## The problem
Where the data below shows a picture, leave that picture out and copy the rest exactly.
"""
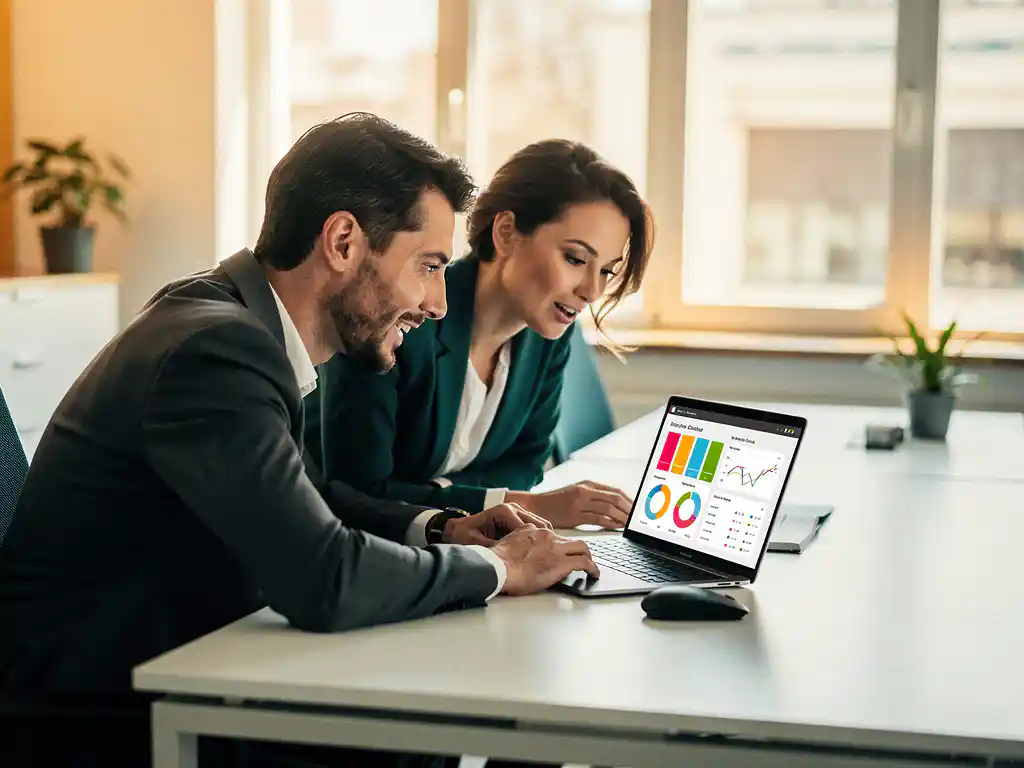 Twee collega's bekijken samen data-dashboards op een laptop aan een modern bureau in een licht kantoor.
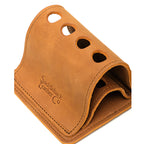 Pen Holder Bell Curve in Tobacco leather, close-up angled view of the four pen holes and embossed logo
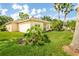 Well-maintained backyard featuring a lush green lawn, tropical plants, and a home exterior at 753 Largo Pass, Poinciana, FL 34759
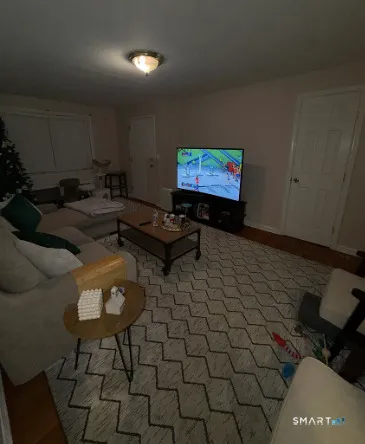 a living room with furniture a rug and a wall painting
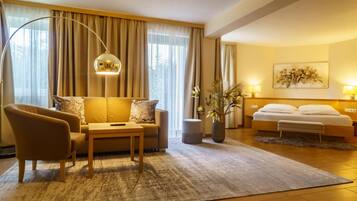 Ein Hotelzimmer mit Sofa, Sessel, Nachttisch, Lampe, Zimmerpflanze und einem Bett mit Kopfteil.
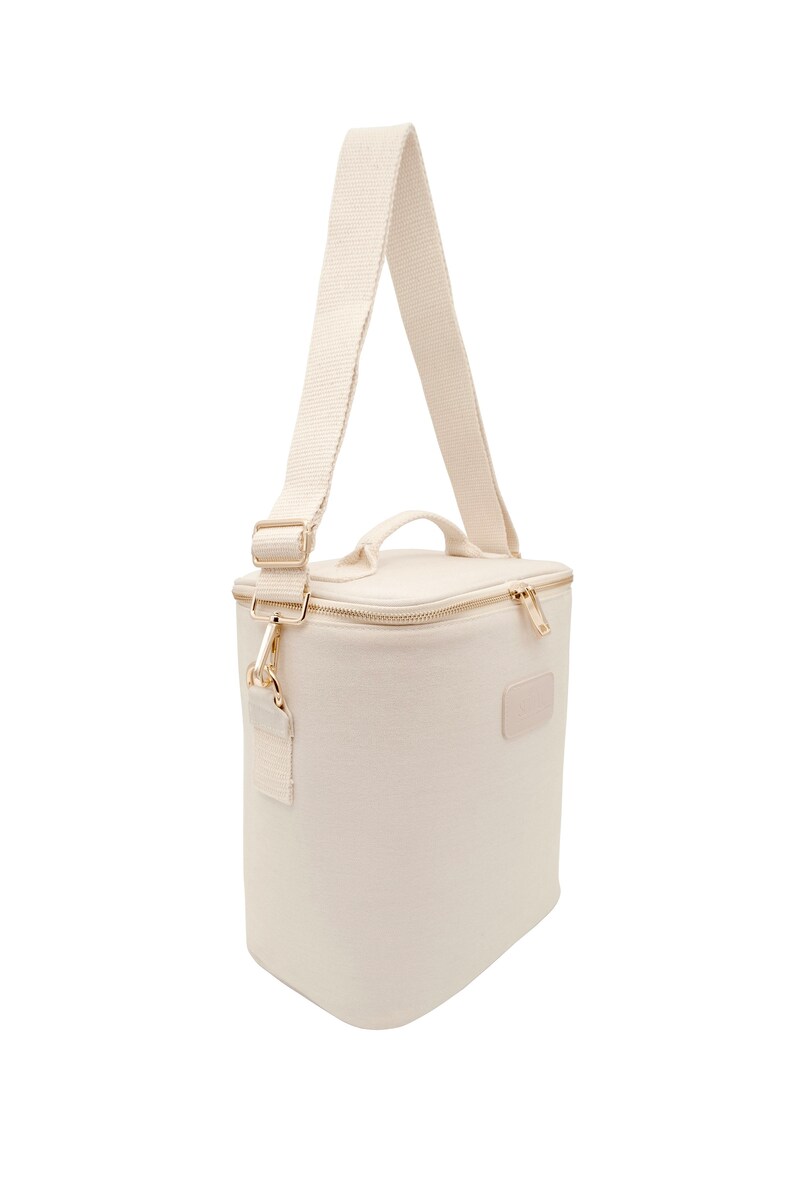 May include: A white canvas lunch bag with a gold zipper and a gold strap. The bag has a rectangular shape and a small patch on the front.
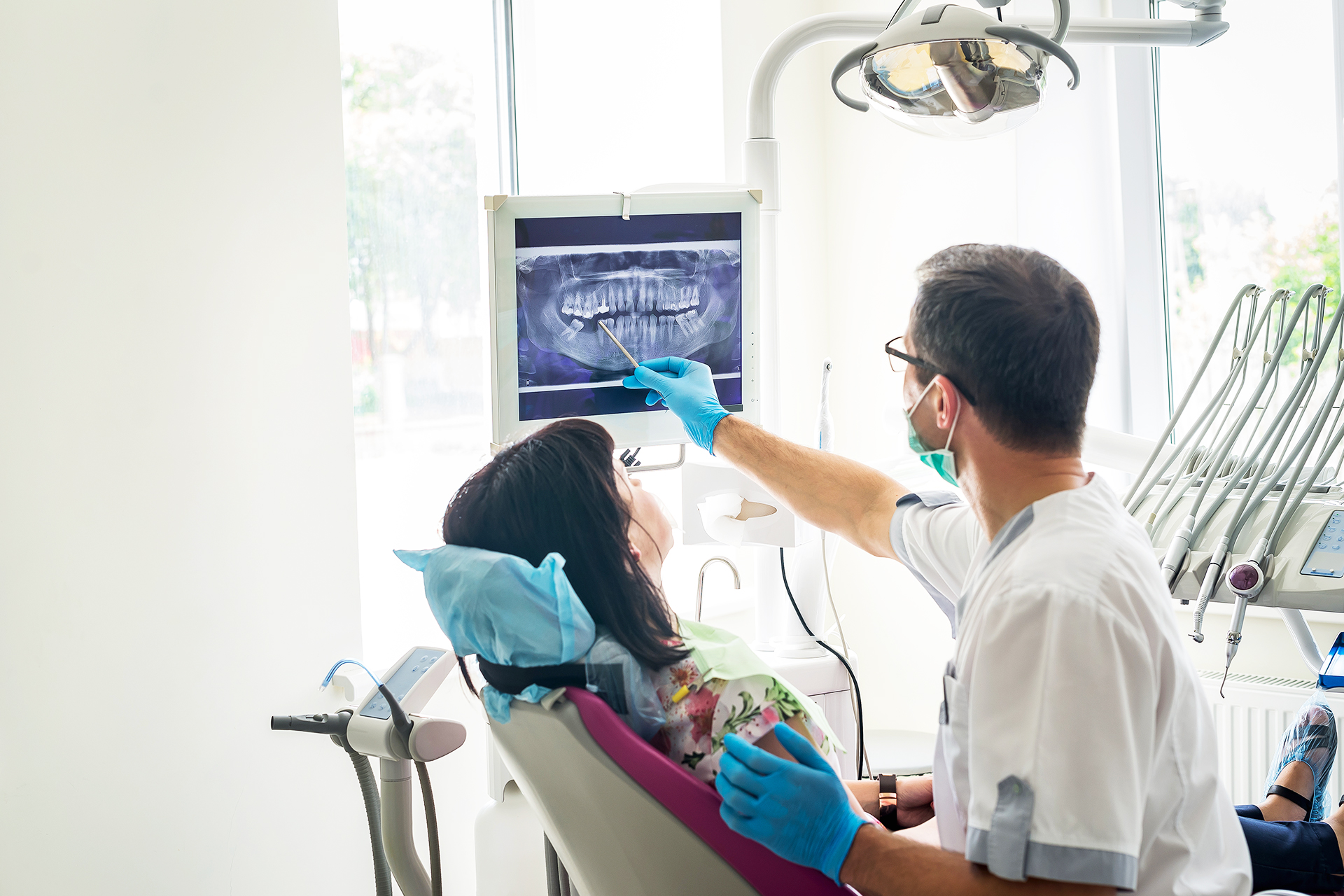 Dentist pointing to x-ray machine with patient in the chair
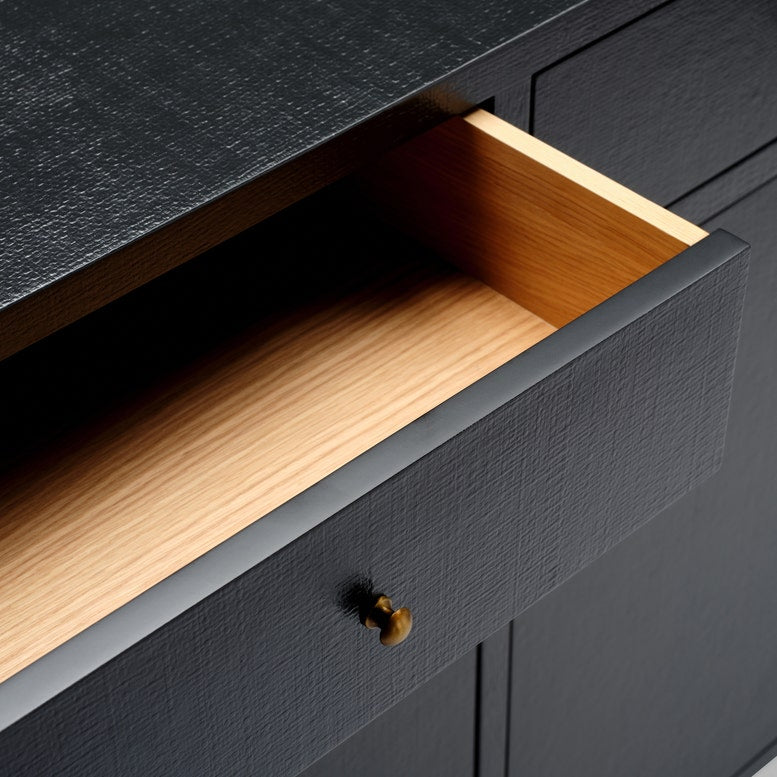 Close-up of a dark charcoal textured drawer with a light natural wood interior and a small brass pull handle.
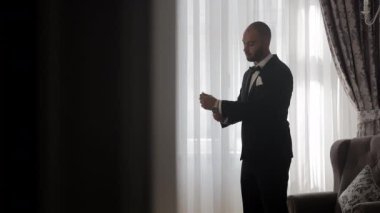 Damat pencerenin yanında duruyor kol düğmelerini ayarlıyor, parlak siyah smokinli bir damat güneş ışığında duruyor, kol düğmelerini ayarlıyor.,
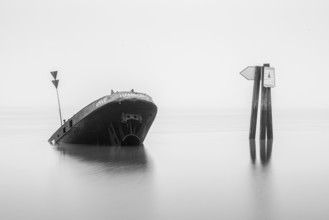 Long exposure of the partially sunken MS Uwe shipwreck in the Elbe on Falkensteiner Ufer in fog and
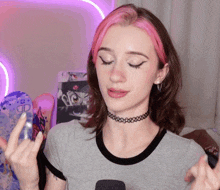 a girl with pink hair is wearing a choker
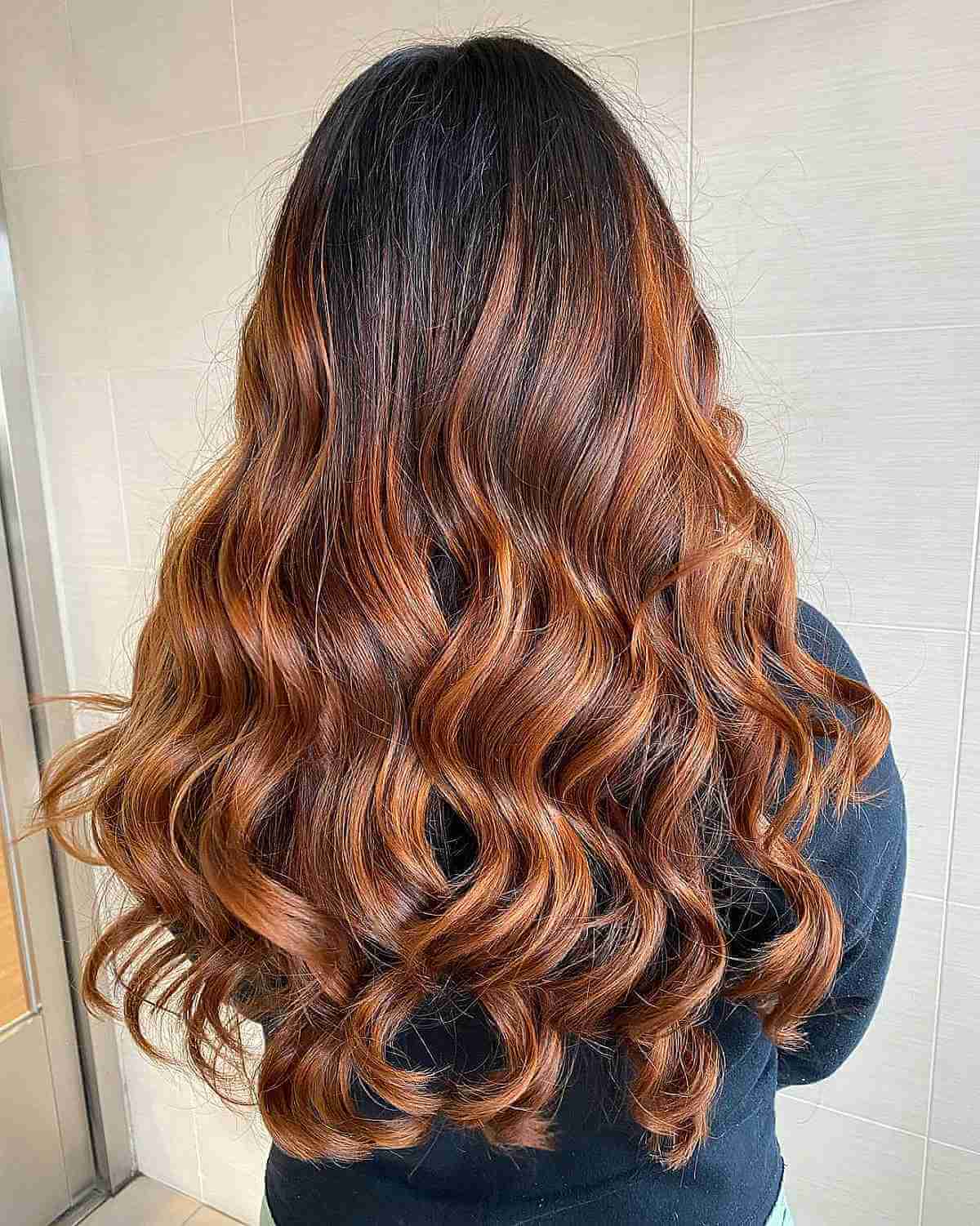 Vibrant Copper Balayage on Dark Locks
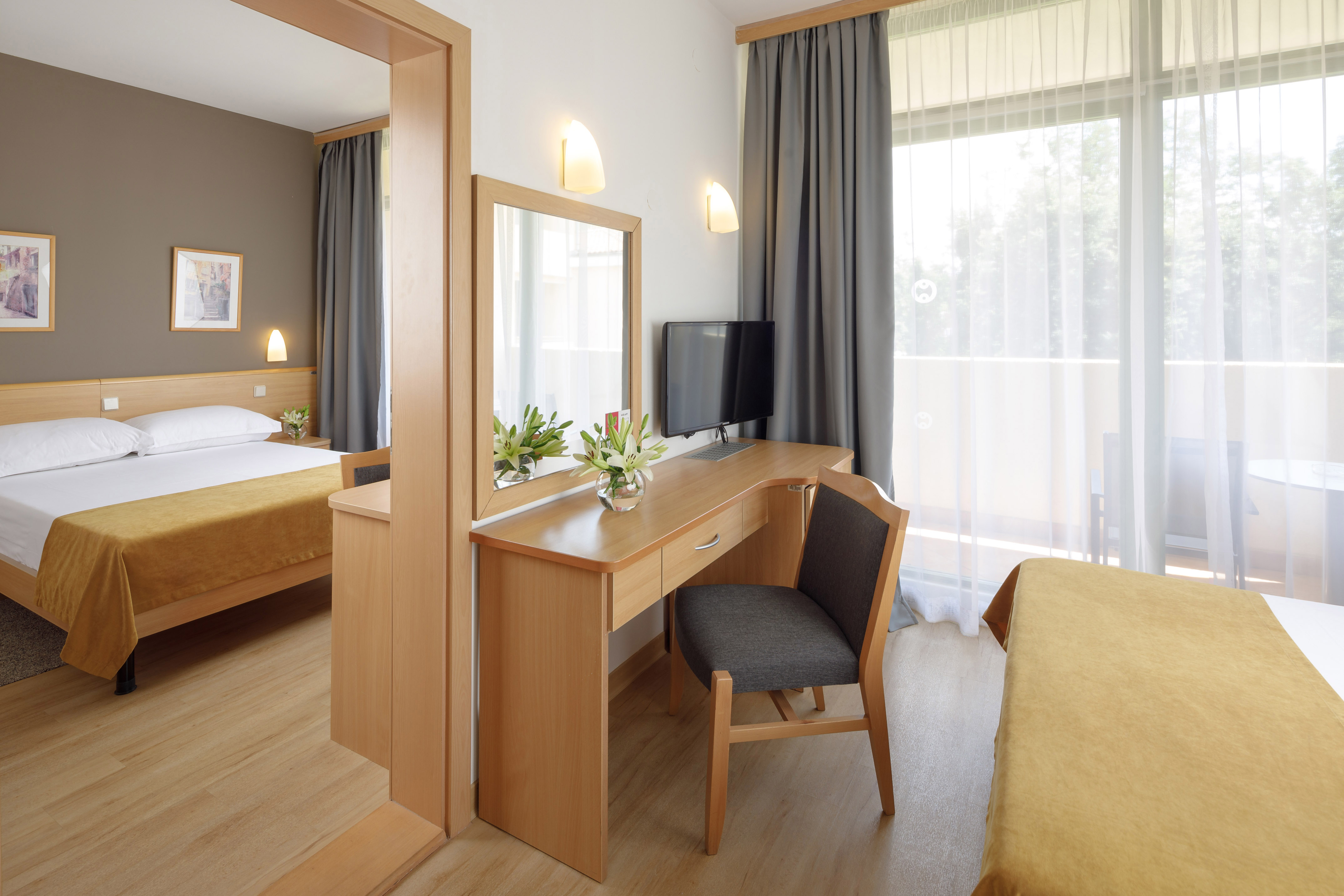 a room with a desk and a mirror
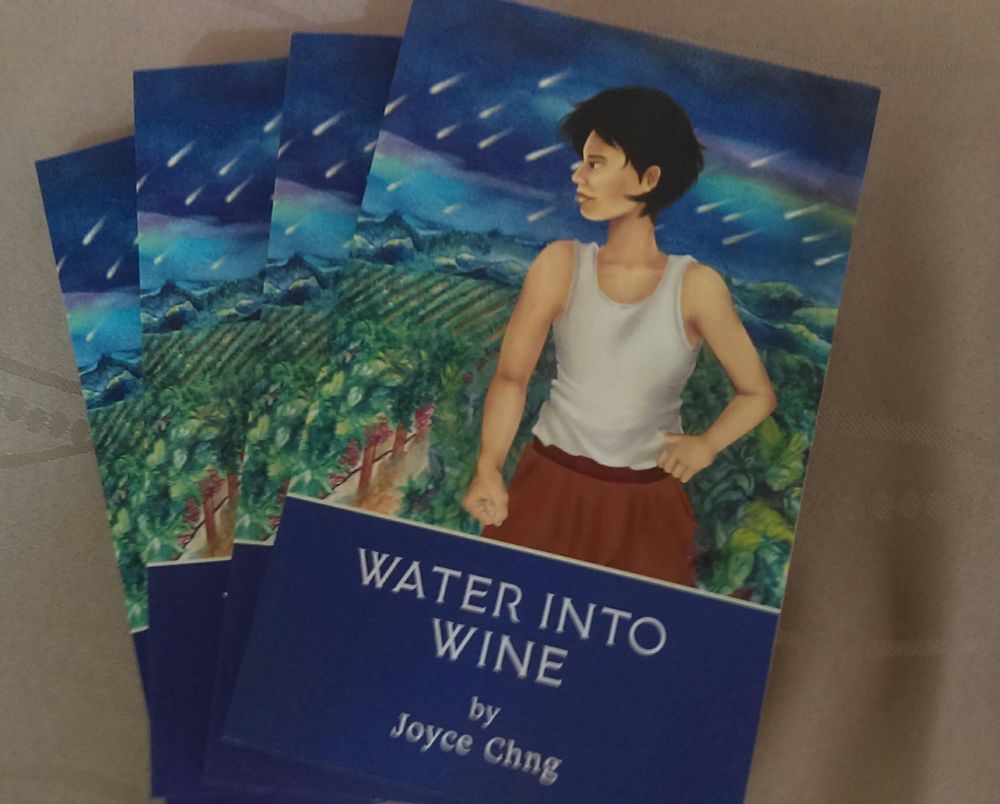 Copies of Water Into Wine, cover illustrator is Dhiyanah Hassan.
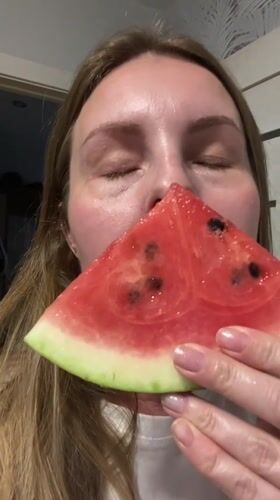 Family shares watermelon and wine in Noviy, Russia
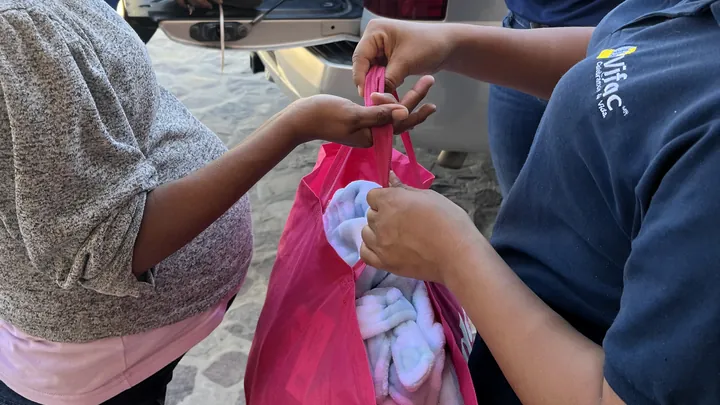 A VIFAC Los Cabos team member hands a support bag to a mom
"""
## Exercise result
 Twee collega's bekijken samen data-dashboards op een laptop aan een modern bureau in een licht kantoor.
 Pen Holder Bell Curve in Tobacco leather, close-up angled view of the four pen holes and embossed logo
 Well-maintained backyard featuring a lush green lawn, tropical plants, and a home exterior at 753 Largo Pass, Poinciana, FL 34759
 a living room with furniture a rug and a wall painting
 Ein Hotelzimmer mit Sofa, Sessel, Nachttisch, Lampe, Zimmerpflanze und einem Bett mit Kopfteil.
 May include: A white canvas lunch bag with a gold zipper and a gold strap. The bag has a rectangular shape and a small patch on the front.
 Dentist pointing to x-ray machine with patient in the chair
 Close-up of a dark charcoal textured drawer with a light natural wood interior and a small brass pull handle.
 Damat pencerenin yanında duruyor kol düğmelerini ayarlıyor, parlak siyah smokinli bir damat güneş ışığında duruyor, kol düğmelerini ayarlıyor.,
 Long exposure of the partially sunken MS Uwe shipwreck in the Elbe on Falkensteiner Ufer in fog and
 a girl with pink hair is wearing a choker
 Vibrant Copper Balayage on Dark Locks
 a room with a desk and a mirror
 Copies of Water Into Wine, cover illustrator is Dhiyanah Hassan.
 Family shares watermelon and wine in Noviy, Russia
 A VIFAC Los Cabos team member hands a support bag to a mom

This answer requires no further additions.